### Task instructions
Repeat exactly the lines from the one containing "QR code for R81537" through the last line of the records below, both included, and nothing else.

### Data records
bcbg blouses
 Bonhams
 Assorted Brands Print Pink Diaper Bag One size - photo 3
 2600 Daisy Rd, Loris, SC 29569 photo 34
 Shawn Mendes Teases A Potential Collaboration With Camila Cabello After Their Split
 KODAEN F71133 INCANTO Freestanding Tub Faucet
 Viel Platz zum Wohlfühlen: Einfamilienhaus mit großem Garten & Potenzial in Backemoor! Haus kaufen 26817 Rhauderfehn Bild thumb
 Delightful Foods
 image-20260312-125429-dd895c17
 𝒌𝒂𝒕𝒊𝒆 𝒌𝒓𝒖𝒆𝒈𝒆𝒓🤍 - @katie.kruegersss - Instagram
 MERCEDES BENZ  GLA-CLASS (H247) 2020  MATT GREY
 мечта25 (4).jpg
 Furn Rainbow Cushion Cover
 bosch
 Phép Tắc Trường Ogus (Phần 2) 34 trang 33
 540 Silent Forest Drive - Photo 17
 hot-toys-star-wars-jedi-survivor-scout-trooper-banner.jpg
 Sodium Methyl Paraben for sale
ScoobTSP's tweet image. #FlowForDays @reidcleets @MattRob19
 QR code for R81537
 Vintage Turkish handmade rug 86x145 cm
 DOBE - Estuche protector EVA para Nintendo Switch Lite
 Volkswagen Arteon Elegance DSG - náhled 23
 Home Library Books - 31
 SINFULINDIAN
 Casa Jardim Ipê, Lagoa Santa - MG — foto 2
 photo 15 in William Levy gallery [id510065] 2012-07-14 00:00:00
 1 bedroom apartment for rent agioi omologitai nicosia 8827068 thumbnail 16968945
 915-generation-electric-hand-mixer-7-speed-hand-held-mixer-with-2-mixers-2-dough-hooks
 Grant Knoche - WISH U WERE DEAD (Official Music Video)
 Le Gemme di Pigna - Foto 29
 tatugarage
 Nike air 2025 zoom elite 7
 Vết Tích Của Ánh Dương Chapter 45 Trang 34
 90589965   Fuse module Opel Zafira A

### Task answer
 QR code for R81537
 Vintage Turkish handmade rug 86x145 cm
 DOBE - Estuche protector EVA para Nintendo Switch Lite
 Volkswagen Arteon Elegance DSG - náhled 23
 Home Library Books - 31
 SINFULINDIAN
 Casa Jardim Ipê, Lagoa Santa - MG — foto 2
 photo 15 in William Levy gallery [id510065] 2012-07-14 00:00:00
 1 bedroom apartment for rent agioi omologitai nicosia 8827068 thumbnail 16968945
 915-generation-electric-hand-mixer-7-speed-hand-held-mixer-with-2-mixers-2-dough-hooks
 Grant Knoche - WISH U WERE DEAD (Official Music Video)
 Le Gemme di Pigna - Foto 29
 tatugarage
 Nike air 2025 zoom elite 7
 Vết Tích Của Ánh Dương Chapter 45 Trang 34
 90589965   Fuse module Opel Zafira A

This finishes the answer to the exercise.